Karena bau inilah, kami harus membuat properti ini diluar, tidak di dalam gudang. Properti ini adalah rahasia perusahaan. Aku harap tidak ada yang menirunya ketika kami membuatnya di tempat terbuka.

Si gadis baru (dengan dada besar) mengaduk isi panci itu seakan-akan ia sedang memasak semur daging.

“Bos, kenapa kita tidak membeli darah palsu dari perusahaan lain saja?”

“Tidak. Darah palsu yang biasa kurang bagus. Warnanya terlalu lemah.”

“Terlalu lemah?”

Si gadis baru memiringkan kepalanya meskipun tak ada kamera yang sedang merekam. Aku lalu menjelaskan padanya dengan jelas.

“Drama televisi harus benar-benar mencolok, benar? Coba lihat riasan para aktor, kostumnya, serta latar tempatnya. Warna-warna yang dipakai juga harus lebih mencolok daripada aslinya karena sinar lampu yang sangat cerah akan meneranginya. Kita tak bisa menggunakan darah yang warnanya biasa saja. Kalau kita menggunakan darah yang asli, justru akan nampak tidak asli di layar.”

“Oh, jadi warnanya harus lebih terang dari darah yang asli?”

“...Kau mencampurkan bahan-bahannya tanpa tahu kenapa?” aku mendesah panjang. “Setelah kau mendapatkan warna dasarnya, campurkan warna hitam, sedikit demi sedikit.”

“Kenapa? Kupikir warnanya harus lebih terang?”

“Ada beberapa warna yang dipakai tergantung seberapa lama darah itu keluar. Darah yang asli, warnanya berubah terhadap waktu, tapi darah palsu tidak. Itu berarti kita harus membuat beberapa jenis warna darah palsu untuk menunjukkan waktu pengerasannya.”

“Repot sekali.”

“Dan bahkan meskipun repot sekali membuatnya, sekarang darah palsu sudah tidak begitu banyak digunakan. Sekarang semakin sedikit orang yang tahu bagaimana membuat darah palsu. Dan itulah kenapa seseorang dengan gelar yang panjang di kartu namanya seperti aku harus bekerja membuat darah palsu.”

“Kalau dipikir-pikir, revisi dari undang-undang penyiaran membuat adegan-adegan yang berdarah semakin sedikit.”

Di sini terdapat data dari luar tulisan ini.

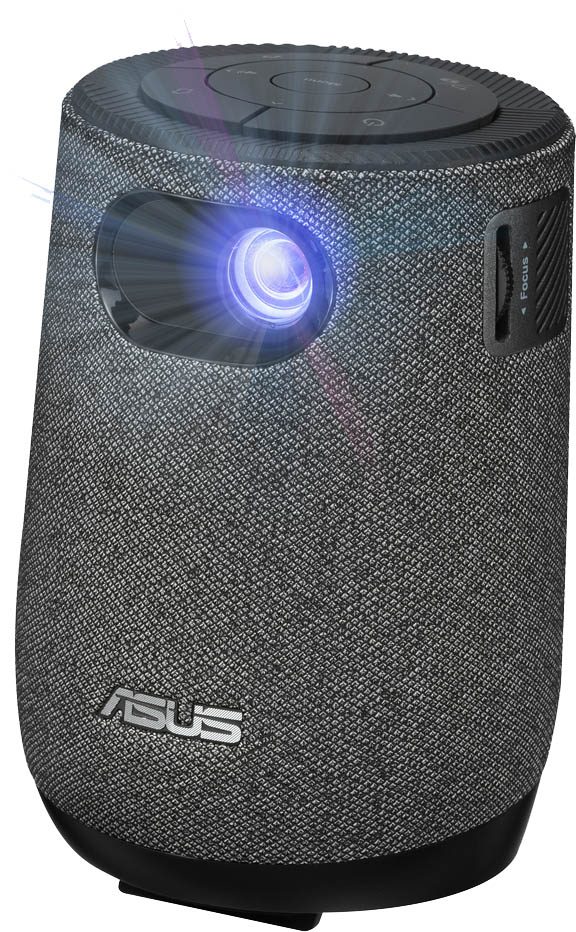 ASUS ZenBeam Latte L1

“Turunnya popularitas drama sejarah dan drama polisi adalah faktor lainnya.”

“Tapi masih ada drama polisi kok.” Gadis itu membuat pistol dari tangan yang tidak ia pakai untuk mengaduk dan berkata, “Dor.”

Aku menggelengkan kepalaku.

“Tapi mereka tak punya adegan tembak-tembakan atau semacamnya. Tak salah juga, ketika semuanya harus diselesaikan dengan adegan tembak-tembakan, maka akhirnya akan lebih mudah ditebak. Sedangkan drama-drama forensik selalu membuktikan bahwa mereka bisa menangkap penjahatnya dari bukti-bukti yang sangat kecil, tapi aku selalu tak paham kenapa tidak ada noda darah sama sekali disana.”

“Bagaimana dengan drama kedokteran? Adegan operasi seharusnya menggunakan darah, namun tanpa kekerasan.”

Si gadis berdada besar mencoba meniru gerakan dokter yang sedang mengoperasi, tapi yang kulihat dia justru seperti sedang memotong-motong daging dengan pisau dan garpu.

“Drama-drama seperti itu selalu lebih mementingkan drama yang terjadi antar karakter yang berujung pada operasi, jadi adegan operasinya sendiri tidak begitu penting. Mereka cukup menampilkan wajah si dokter yang berkeringat.”

“Itu karena operasi aslinya menghabiskan waktu berjam-jam. Gerakan dokternya sangat sedikit, jadi sulit sekali untuk membuat bagian itu menarik untuk penonton.”

“Ya, jadi mereka hanya perlu memainkan musik latar secara acak dan menampilkan anggota keluarga yang berdoa untuk keselamatan pasien yang dioperasi. Mereka cukup menggunakan sprayer untuk memberikan efek keringat di muka.”

Kucoba untuk menyendok isi panci itu untuk mengecek warna darah palsunya.

...Tidak begitu bagus.

“Daripada menambahkan cat hitam, sepertinya lebih baik kita biarkan darah palsu ini gosong sedikit demi sedikit.”

“Saya pikir cara seperti itu akan membuatnya lebih sulit dibuat ketika kita membutuhkan darah palsu dalam jumlah banyak.”

“Sesuatu yang gelap...gelap... Gula jawa, mungkin?”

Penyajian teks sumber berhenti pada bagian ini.